Sinir sinir bulucu; Nörovizyon tıbbi ürünleri.
Yazarların bildirecek herhangi bir açıklaması yoktur.
Bu video makalesinde atıfta bulunulan hasta, filme alınması için bilgilendirilmiş onamını vermiştir ve bilgi ve görüntülerin çevrimiçi olarak yayınlanacağının farkındadır.
Citations
- Tan GH, Gharib H. Tiroid insidentalomaları: tiroid görüntülemesinde tesadüfen keşfedilen ele gelmeyen nodüllere tedavi yaklaşımları. Ann Stajyer Med. 1997; 126(3):226-231. doi:10.7326/0003-4819-126-3-199702010-00009.
- Guth S, Theune U, Aberle J, Galach A, Bamberger CM. Yüksek frekanslı (13 MHz) ultrason muayenesi ile tespit edilen tiroid nodüllerinin çok yüksek prevalansı. Eur J Clin Yatırım. 2009; 39(8):699-706. doi:10.1111/j.1365-2362.2009.02162.x.
- Hegedüs L. Tiroid nodülü. N Engl J Med. 2004; 351(17):1764-1771. doi:10.1056/NEJMcp031436.
- Mandel SJ. Tiroid nodülü olan 64 yaşında bir kadın. JAMA. 2004; 292(21):2632-2642. doi:10.1001/jama.292.21.2632.
- Sherman SI. Tiroid karsinomu. Neşter. 2003; 361(9356):501-511. doi:10.1016/S0140-6736(03)12488-9.
- 2015 Tiroid Nodülleri ve Diferansiye Tiroid Kanseri Olan Yetişkin Hastalar için Amerikan Tiroid Derneği Yönetim Kılavuzları: Amerikan Tiroid Derneği Yönergeleri Tiroid Nodülleri ve Farklılaşmış Tiroid Kanseri Görev Gücü. Tiroit. 2016; 26(1):1-133. doi:10.1089/thy.2015.0020.
- Cibas ES, Ali SZ. Tiroid Sitopatolojisini Raporlamak için Bethesda Sistemi. J Clin Pathol. 2009; 132(5):658-665. doi:10.1309/AJCPPHLWMI3JV4LA.
- Bongiovanni M, Spitale A, Faquin WC, Mazzucchelli L, Baloch ZW. Tiroid Sitopatolojisini Raporlamak için Bethesda Sistemi: bir meta-analiz. Acta Sitol. 2012; 56(4):333-339. doi:10.1159/000339959.
- Ferris RL, Baloch Z, Bernet V, et al; Amerikan Tiroid Derneği Cerrahi İşler Komitesi. Amerikan Tiroid Derneği'nin Tiroid Nodülleri için Moleküler Profillemenin Cerrahi Uygulamasına İlişkin Bildirisi: Perioperatif Karar Verme Üzerindeki Güncel Etkisi. Tiroit. 2015; 25(7):760-768. doi:10.1089/thy.2014.0502.
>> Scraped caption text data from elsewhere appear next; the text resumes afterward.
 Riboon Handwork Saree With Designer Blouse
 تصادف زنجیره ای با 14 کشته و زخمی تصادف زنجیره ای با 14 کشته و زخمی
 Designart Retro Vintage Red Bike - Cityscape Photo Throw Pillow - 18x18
- Alexander EK, Hurwitz S, Heering JP ve diğerleri. Benign solid ve kistik tiroid nodüllerinin doğal seyri. Ann Stajyer Med. 2003; 138(4):315-318. doi:10.7326/0003-4819-138-4-200302180-00010.
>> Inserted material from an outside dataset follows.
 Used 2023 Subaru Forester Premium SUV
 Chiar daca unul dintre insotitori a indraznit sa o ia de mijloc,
- Ajmal S, Rapoport S, Ramirez Batlle H, Mazzaglia PJ. Benign tiroid nodülünün doğal seyri: Uygun takip stratejisi nedir? J Coll Cerrahi. 2015; 220(6):987-992. doi:10.1016/j.jamcollsurg.2014.12.010.
- Durante C, Costante G, Lucisano G, et al. Benign tiroid nodüllerinin doğal seyri. JAMA. 2015; 313(9):926-935. doi:10.1001/jama.2015.0956.
- Miyauchi A. Tiroidin Papiller Mikrokarsinomunun Aktif Sürveyansının Klinik Çalışmaları. Dünya J Cerrahi. 2016; 40(3):516-522. doi:10.1007/s00268-015-3392-y.
- Hannan SA. Muhteşem yedi: modern tiroid cerrahisinin tarihi. Int J Cerrahi. 2006; 4(3):187-191. doi:10.1016/j.ijsu.2006.03.002.
- Welch HG, Doherty GM. Tiroidlerin kurtarılması – küçük papiller kanserlerin aşırı tedavisi. N Engl J Med. 2018; 379(4):310-312. doi:10.1056/NEJMp1804426.
Cite this article
Pandian TK, Phitayakorn R. Sağ hemitoidektomi. J Med İçgörü. 2024; 2024(21). doi:10.24296/jomi/21.